Let’s now write out the momentum \Bp = m \Bv for a point particle with mass m , and determine the kinetic energy m \Bv^2/2 = \Bp^2/2m for that particle.

The momentum is
\begin{equation}\label{eqn:radialderivatives:320} \begin{aligned} \Bp &= m r’ \mathbf{\hat{r}} + m \mathbf{\hat{r}} \lr{ \mathbf{\hat{r}} \wedge \Bv } \\ &= m r’ \mathbf{\hat{r}} + \inv{r} \mathbf{\hat{r}} \lr{ \Br \wedge \Bp }. \end{aligned} \end{equation}
Observe that p_r = m r’ is the radial component of the momentum. It is natural to introduce a bivector valued angular momentum operator
\begin{equation}\label{eqn:radialderivatives:340} L = \Br \wedge \Bp, \end{equation}
splitting the momentum into a component that is strictly radial and a component that lies purely on the surface of a spherical surface in momentum space.
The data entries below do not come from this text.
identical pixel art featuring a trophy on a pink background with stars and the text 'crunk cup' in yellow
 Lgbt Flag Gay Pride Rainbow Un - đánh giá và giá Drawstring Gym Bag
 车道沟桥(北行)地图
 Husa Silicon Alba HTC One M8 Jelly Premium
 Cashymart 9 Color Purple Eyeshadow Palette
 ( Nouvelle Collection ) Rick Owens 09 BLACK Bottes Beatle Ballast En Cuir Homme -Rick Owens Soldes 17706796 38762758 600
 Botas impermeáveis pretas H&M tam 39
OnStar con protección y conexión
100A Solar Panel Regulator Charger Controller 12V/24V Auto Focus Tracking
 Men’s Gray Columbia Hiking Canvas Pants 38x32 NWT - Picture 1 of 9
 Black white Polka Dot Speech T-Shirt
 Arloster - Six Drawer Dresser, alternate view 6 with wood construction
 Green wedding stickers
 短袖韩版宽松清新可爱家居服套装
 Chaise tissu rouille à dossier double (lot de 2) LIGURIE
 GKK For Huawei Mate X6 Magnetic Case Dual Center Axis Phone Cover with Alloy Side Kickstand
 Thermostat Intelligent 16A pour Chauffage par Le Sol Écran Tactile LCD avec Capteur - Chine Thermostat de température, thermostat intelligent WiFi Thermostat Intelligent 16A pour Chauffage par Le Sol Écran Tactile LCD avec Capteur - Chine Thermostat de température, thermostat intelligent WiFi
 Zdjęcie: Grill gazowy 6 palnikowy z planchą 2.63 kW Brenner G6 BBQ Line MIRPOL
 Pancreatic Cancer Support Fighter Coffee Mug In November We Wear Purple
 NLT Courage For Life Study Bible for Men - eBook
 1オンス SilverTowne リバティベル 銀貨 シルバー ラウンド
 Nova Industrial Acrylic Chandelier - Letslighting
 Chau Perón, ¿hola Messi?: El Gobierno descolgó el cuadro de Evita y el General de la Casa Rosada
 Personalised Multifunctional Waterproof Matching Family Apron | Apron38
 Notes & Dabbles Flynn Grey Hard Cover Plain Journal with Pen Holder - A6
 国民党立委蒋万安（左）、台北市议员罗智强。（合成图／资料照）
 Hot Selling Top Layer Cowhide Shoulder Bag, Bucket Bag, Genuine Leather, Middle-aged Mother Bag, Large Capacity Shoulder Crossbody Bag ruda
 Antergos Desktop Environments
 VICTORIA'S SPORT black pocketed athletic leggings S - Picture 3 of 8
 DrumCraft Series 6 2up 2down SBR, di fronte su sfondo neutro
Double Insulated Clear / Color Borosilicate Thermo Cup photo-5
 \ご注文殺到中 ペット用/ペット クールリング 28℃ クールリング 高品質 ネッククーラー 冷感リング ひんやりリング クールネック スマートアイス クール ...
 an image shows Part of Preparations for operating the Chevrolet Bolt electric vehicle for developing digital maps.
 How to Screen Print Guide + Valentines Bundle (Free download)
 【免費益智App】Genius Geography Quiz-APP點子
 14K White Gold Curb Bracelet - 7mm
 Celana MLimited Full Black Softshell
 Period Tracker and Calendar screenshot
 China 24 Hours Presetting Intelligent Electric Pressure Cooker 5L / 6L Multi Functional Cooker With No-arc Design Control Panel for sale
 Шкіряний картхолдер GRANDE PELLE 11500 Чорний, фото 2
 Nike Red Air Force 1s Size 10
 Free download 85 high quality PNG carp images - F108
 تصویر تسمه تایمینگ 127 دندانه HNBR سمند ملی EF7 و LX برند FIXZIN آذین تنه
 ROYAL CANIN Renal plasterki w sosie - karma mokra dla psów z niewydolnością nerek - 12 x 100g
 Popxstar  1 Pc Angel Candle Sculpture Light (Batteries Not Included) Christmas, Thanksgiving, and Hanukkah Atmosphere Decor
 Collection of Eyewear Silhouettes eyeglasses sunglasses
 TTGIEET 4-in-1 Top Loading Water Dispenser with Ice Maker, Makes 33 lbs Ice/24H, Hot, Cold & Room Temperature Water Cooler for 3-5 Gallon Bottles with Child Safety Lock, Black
That is
\begin{equation}\label{eqn:radialderivatives:360} \Bp = p_r \mathbf{\hat{r}} + \inv{r} \mathbf{\hat{r}} L. \end{equation}
Making use of the fact that \mathbf{\hat{r}} and \mathrm{Rej}_{\mathbf{\hat{r}}}(\Bx’) are perpendicular (so there are no cross terms when we square the momentum), the
kinetic energy is
\begin{equation}\label{eqn:radialderivatives:380} \begin{aligned} \inv{2m} \Bp^2 &= \inv{2m} \lr{ p_r \mathbf{\hat{r}} + \inv{r} \mathbf{\hat{r}} L }^2 \\ &= \inv{2m} p_r^2 + \inv{2 m r^2 } \mathbf{\hat{r}} L \mathbf{\hat{r}} L \\ &= \inv{2m} p_r^2 – \inv{2 m r^2 } \mathbf{\hat{r}} L^2 \mathbf{\hat{r}} \\ &= \inv{2m} p_r^2 – \inv{2 m r^2 } L^2 \mathbf{\hat{r}}^2, \end{aligned} \end{equation}
where we’ve used the anticommutative nature of \mathbf{\hat{r}} and L (i.e.: a sign swap is needed to swap them), and used the fact that L^2 is a scalar, allowing us to commute \mathbf{\hat{r}} with L^2 . This leaves us with
\begin{equation}\label{eqn:radialderivatives:400} E = \inv{2m} \Bp^2 = \inv{2m} p_r^2 – \inv{2 m r^2 } L^2. \end{equation}
Observe that both the radial momentum term and the angular momentum term are both strictly postive, since L is a bivector and L^2 \le 0 .

Problems.

Problem:

Find \ref{eqn:radialderivatives:200} without being sneaky.

Answer

\begin{equation}\label{eqn:radialderivatives:280} \begin{aligned} \mathbf{\hat{r}}’ &= \frac{d}{dt} \lr{ \frac{\Bx}{r} } \\ &= \inv{r} \Bx’ – \inv{r^2} \Bx r’ \\ &= \inv{r} \Bx’ – \inv{r} \mathbf{\hat{r}} r’ \\ &= \inv{r} \lr{ \Bx’ – \mathbf{\hat{r}} r’ } \\ &= \inv{r} \lr{ \mathbf{\hat{r}} \mathbf{\hat{r}} \Bx’ – \mathbf{\hat{r}} r’ } \\ &= \inv{r} \mathbf{\hat{r}} \lr{ \mathbf{\hat{r}} \Bx’ – r’ } \\ &= \inv{r} \mathbf{\hat{r}} \lr{ \mathbf{\hat{r}} \Bx’ – \mathbf{\hat{r}} \cdot \Bx’ } \\ &= \inv{r} \mathbf{\hat{r}} \lr{ \mathbf{\hat{r}} \wedge \Bx’ }. \end{aligned} \end{equation}

Problem:

Show that \ref{eqn:radialderivatives:200} can be expressed as a triple vector cross product
\begin{equation}\label{eqn:radialderivatives:230} \mathbf{\hat{r}}’ = \inv{r^3} \lr{ \Bx \cross \Bx’ } \cross \Bx, \end{equation}

Answer

While this may be familiar from elementary calculus, such as in [1], we can show follows easily from our GA result
\begin{equation}\label{eqn:radialderivatives:300} \begin{aligned} \mathbf{\hat{r}}’ &= \inv{r} \mathbf{\hat{r}} \lr{ \mathbf{\hat{r}} \wedge \Bx’ } \\ &= \inv{r} \gpgradeone{ \mathbf{\hat{r}} \lr{ \mathbf{\hat{r}} \wedge \Bx’ } } \\ &= \inv{r} \gpgradeone{ \mathbf{\hat{r}} I \lr{ \mathbf{\hat{r}} \cross \Bx’ } } \\ &= \inv{r} \gpgradeone{ I \lr{ \mathbf{\hat{r}} \cdot \lr{ \mathbf{\hat{r}} \cross \Bx’ } + \mathbf{\hat{r}} \wedge \lr{ \mathbf{\hat{r}} \cross \Bx’ } } } \\ &= \inv{r} \gpgradeone{ I^2 \mathbf{\hat{r}} \cross \lr{ \mathbf{\hat{r}} \cross \Bx’ } } \\ &= \inv{r} \lr{ \mathbf{\hat{r}} \cross \Bx’ } \cross \mathbf{\hat{r}}. \end{aligned} \end{equation}

References

[1] S.L. Salas and E. Hille. Calculus: one and several variables. Wiley New York, 1990.